Re: Digesting explain analyze

From: Jesper Krogh <jesper(at)krogh(dot)cc>
To: Ron Mayer <rm_pg(at)cheapcomplexdevices(dot)com>
Cc: pgsql-performance(at)postgresql(dot)org
Subject: Re: Digesting explain analyze
Date: 2010-01-07 06:10:28
Message-ID: 4B457AD4.8090405@krogh.cc
Views: Raw Message | Whole Thread | Download mbox | Resend email
Thread:
Lists: pgsql-performance

Ron Mayer wrote:
>> ...The inner sets are on average 3.000 for
>> both id1 and id2 and a typical limit would be 100, so if I could convince
>> postgresql to not fetch all of them then I would reduce the set retrieved
>> by around 60. The dataset is quite large so the random query is not very
>> likely to be hitting the same part of the dataset again, so there is going
>> to be a fair amount of going to disk.,
>
> If disk seeks are killing you a kinda crazy idea would be to
> duplicate the table - clustering one by (id1) and
> the other one by an index on (id2) and unioning the
> results of each.

That's doubling the disk space needs for the table. Is there any odds
that this would benefit when the intitial table significantly exceeds
available memory by itself?

> Since each of these duplicates of the table will be clustered
> by the column you're querying it on, it should just take one
> seek in each table.
>
> Then your query could be something like
>
> select * from (
> select * from t1 where id1=2067 order by evalue limit 100
> union
> select * from t2 where id2=2067 order by evalue limit 100
> ) as foo order by evalue limit 100;

This is actually what I ended up with as the best performing query, just
still on a single table, because without duplication I can add index and
optimize this one by (id1,evalue) and (id2,evalue). It is still getting
killed quite a lot by disk IO. So I guess I'm up to:

1) By better disk (I need to get an estimate how large it actually is
going to get).
2) Stick with one table, but make sure to have enough activity to get a
large part of the index in the OS-cache anyway. (and add more memory if
nessesary).

The data is seeing a fair amount of growth (doubles in a couple of years
) so it is fairly hard to maintain clustering on them .. I would suspect.

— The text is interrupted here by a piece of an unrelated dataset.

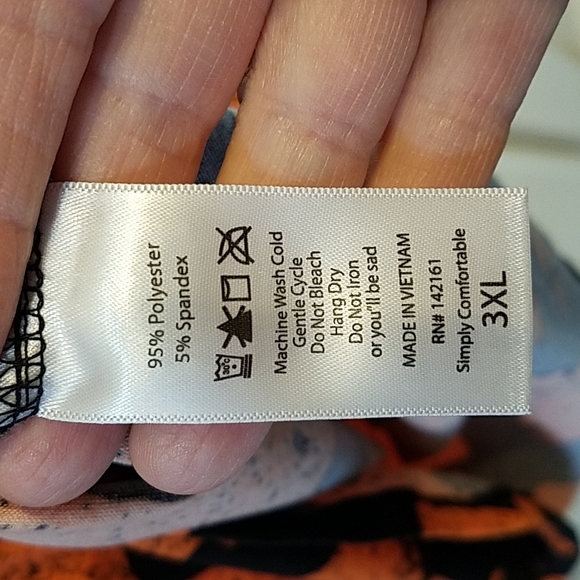 LulaRoe Randy 👻 - Picture 5 of 6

Is it possible to get PG to tell me, how many rows that fits in a
disk-page. All columns are sitting in "plain" storage according to \d+
on the table.

> Hmm.. and I wonder if putting evalue into the criteria to cluster
> the tables too (i.e. cluster on id1,evalue) if you could make it
> so the limit finds the right 100 evalues first for each table....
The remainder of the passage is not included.